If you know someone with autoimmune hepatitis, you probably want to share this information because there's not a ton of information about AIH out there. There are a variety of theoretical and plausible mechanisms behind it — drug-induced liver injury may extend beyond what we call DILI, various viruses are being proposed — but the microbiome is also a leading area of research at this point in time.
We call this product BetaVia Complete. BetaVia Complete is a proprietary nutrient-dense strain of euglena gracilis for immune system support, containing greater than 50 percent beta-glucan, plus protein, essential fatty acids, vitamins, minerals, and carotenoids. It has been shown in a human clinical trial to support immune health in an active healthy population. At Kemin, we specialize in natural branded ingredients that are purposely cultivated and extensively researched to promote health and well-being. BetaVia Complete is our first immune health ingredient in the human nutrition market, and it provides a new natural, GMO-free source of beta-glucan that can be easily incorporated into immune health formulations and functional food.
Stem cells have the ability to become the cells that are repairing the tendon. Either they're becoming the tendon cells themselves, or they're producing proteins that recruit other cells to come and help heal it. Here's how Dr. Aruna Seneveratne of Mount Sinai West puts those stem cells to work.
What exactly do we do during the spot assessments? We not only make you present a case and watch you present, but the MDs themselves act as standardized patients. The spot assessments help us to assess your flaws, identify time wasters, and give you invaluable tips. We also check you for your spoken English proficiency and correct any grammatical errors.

---

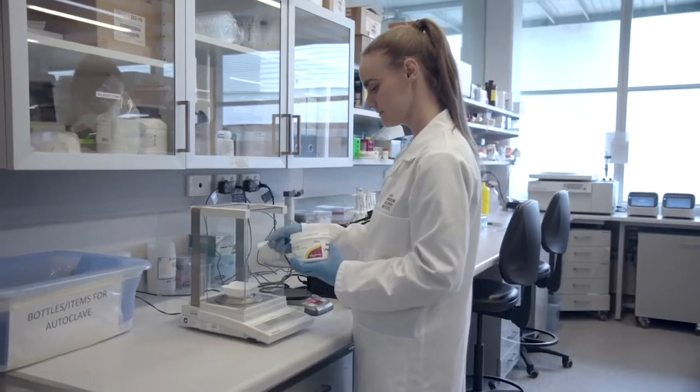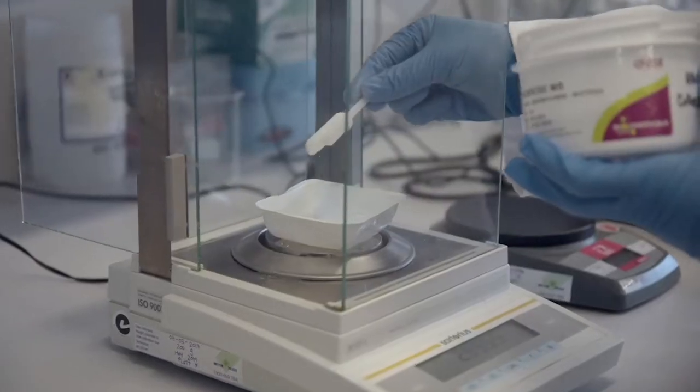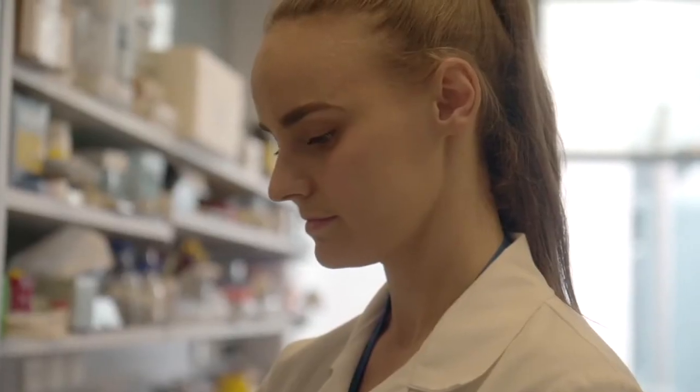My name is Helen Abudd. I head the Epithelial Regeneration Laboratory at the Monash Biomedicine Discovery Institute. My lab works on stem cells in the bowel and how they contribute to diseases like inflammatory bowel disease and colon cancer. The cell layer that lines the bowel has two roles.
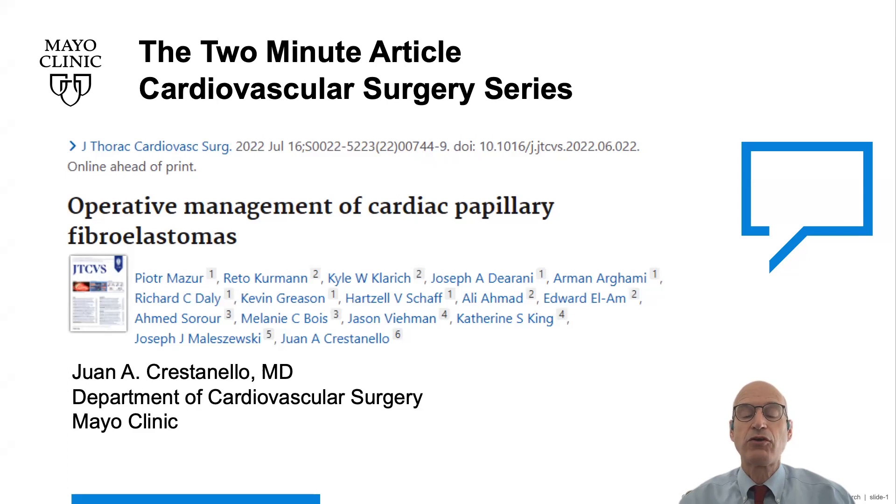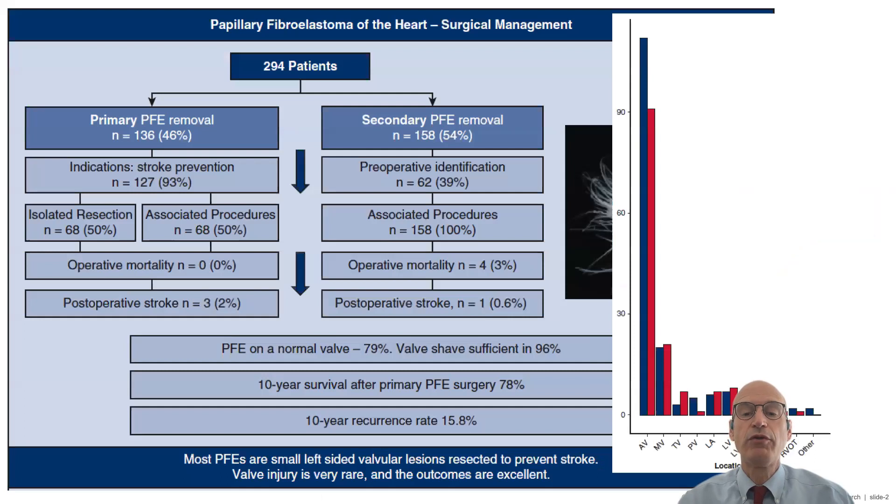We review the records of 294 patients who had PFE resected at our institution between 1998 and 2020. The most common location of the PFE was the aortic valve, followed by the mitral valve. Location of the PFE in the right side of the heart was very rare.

==

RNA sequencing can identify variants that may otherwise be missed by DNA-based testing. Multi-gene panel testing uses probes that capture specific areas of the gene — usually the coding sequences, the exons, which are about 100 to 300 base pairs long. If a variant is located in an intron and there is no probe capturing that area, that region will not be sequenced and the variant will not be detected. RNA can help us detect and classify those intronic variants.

> [Exercise]: The response must hold only the lines above from the line with "If you know" through the line with "We call this", each copied exactly, both ends kept.

> [Answer space]:
If you know someone with autoimmune hepatitis, you probably want to share this information because there's not a ton of information about AIH out there. There are a variety of theoretical and plausible mechanisms behind it — drug-induced liver injury may extend beyond what we call DILI, various viruses are being proposed — but the microbiome is also a leading area of research at this point in time.
We call this product BetaVia Complete. BetaVia Complete is a proprietary nutrient-dense strain of euglena gracilis for immune system support, containing greater than 50 percent beta-glucan, plus protein, essential fatty acids, vitamins, minerals, and carotenoids. It has been shown in a human clinical trial to support immune health in an active healthy population. At Kemin, we specialize in natural branded ingredients that are purposely cultivated and extensively researched to promote health and well-being. BetaVia Complete is our first immune health ingredient in the human nutrition market, and it provides a new natural, GMO-free source of beta-glucan that can be easily incorporated into immune health formulations and functional food.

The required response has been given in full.